**WHAT IS BEING ASKED**
From the data below, set down exactly the lines between the one holding "GUCCI MARMONT GG TOP HANDLE BAG IN RED" and the one holding "Bague or 375 blanc diamants - vue 1", inclusive, and no others.
======== DATA EXCERPTS ========
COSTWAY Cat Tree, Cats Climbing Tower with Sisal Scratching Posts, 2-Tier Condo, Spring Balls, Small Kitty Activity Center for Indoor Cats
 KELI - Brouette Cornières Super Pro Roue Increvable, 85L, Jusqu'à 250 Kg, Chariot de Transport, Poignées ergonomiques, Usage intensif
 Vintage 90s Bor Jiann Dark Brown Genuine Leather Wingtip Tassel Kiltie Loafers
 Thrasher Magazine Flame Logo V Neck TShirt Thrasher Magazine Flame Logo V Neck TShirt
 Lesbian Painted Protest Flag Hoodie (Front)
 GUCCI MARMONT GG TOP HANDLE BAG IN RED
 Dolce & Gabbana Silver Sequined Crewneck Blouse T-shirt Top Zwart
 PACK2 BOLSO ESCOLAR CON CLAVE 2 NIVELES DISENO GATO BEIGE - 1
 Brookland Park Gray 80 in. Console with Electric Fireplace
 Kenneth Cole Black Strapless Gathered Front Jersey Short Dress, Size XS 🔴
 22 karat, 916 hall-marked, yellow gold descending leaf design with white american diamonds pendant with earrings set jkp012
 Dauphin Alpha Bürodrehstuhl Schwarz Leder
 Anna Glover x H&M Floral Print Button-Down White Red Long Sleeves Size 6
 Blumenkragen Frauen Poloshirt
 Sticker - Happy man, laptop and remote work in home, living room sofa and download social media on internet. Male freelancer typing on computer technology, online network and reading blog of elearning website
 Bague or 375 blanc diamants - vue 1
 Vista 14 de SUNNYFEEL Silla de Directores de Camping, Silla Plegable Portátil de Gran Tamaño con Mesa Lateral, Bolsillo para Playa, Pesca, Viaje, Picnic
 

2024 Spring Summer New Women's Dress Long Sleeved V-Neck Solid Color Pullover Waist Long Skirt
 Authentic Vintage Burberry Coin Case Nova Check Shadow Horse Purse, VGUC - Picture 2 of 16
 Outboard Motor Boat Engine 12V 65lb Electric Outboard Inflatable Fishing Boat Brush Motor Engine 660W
========
**RESPONSE AREA**
 GUCCI MARMONT GG TOP HANDLE BAG IN RED
 Dolce & Gabbana Silver Sequined Crewneck Blouse T-shirt Top Zwart
 PACK2 BOLSO ESCOLAR CON CLAVE 2 NIVELES DISENO GATO BEIGE - 1
 Brookland Park Gray 80 in. Console with Electric Fireplace
 Kenneth Cole Black Strapless Gathered Front Jersey Short Dress, Size XS 🔴
 22 karat, 916 hall-marked, yellow gold descending leaf design with white american diamonds pendant with earrings set jkp012
 Dauphin Alpha Bürodrehstuhl Schwarz Leder
 Anna Glover x H&M Floral Print Button-Down White Red Long Sleeves Size 6
 Blumenkragen Frauen Poloshirt
 Sticker - Happy man, laptop and remote work in home, living room sofa and download social media on internet. Male freelancer typing on computer technology, online network and reading blog of elearning website
 Bague or 375 blanc diamants - vue 1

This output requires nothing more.